Pour sa part, Marie-France Labrecque analyse la situation des jeunes Mayas dans le contexte de l’avènement de l’industrie des maquiladoras dans le nord rural du Yucatan au Mexique. Elle porte attention à plusieurs dimensions de la réalité juvénile : les relations de genre, la transformation de la notion de jeune et la perte de la référence à l’identité ethnique maya au profit d’une culture délocalisée. Elle conclut que « les conditions pour que se déclenche au Yucatan le processus de construction d’une jeunesse rurale de plus en plus coupée de son identité ethnique maya semblent avoir été réunies dès les années 1970 » (p. 160). Enfin, Sabrina Melenotte discute de la représentation de la jeunesse occidentale du mouvement zapatiste au Mexique ainsi que de l’autoreprésentation des jeunes zapatistes de la municipalité autonome de San Pedro Polho dans l’État du Chiapas. Cela donne lieu à une analyse des interactions entre ces deux groupes de jeunes ainsi que de la transformation interne du mouvement zapatiste. Bien que l’auteure relate avec détails et précisions les défis du mouvement (exode des jeunes, divisions internes, etc.), on reste tout de même sur sa faim en ce qui a trait au membership autochtone zapatiste.

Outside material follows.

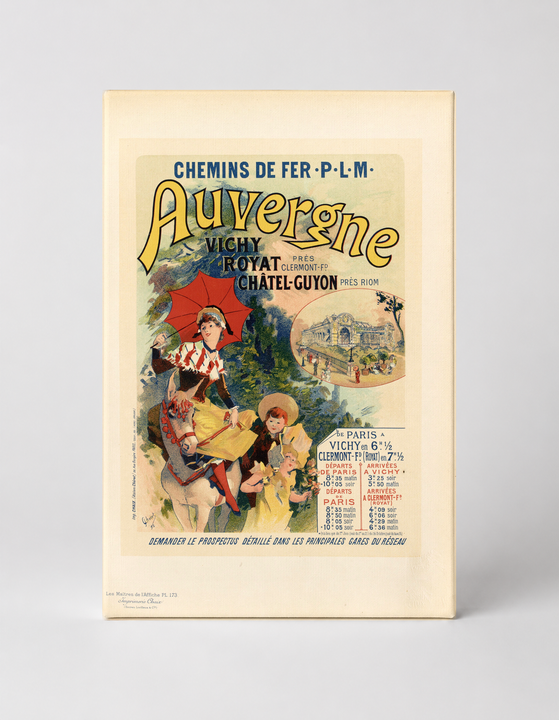 Auvergne PLM Railway 1890s – Belle Époque Vintage Travel Poster Wall Art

Il manque à cet ouvrage une conclusion permettant d’approfondir certains thèmes récurrents et stimulants dans les articles et la préface (par exemple, le défi des jeunes ayant une double appartenance culturelle) ou de revenir sur des thèmes spécifiques tels que les relations de genre ou l’adoption de nouvelles formes de consommation de biens matériels et symboliques provenant des sociétés occidentales. Enfin, elle aurait permis aux éditeurs d’approfondir la notion d’« agencéité » vaguement esquissée dans leur présentation.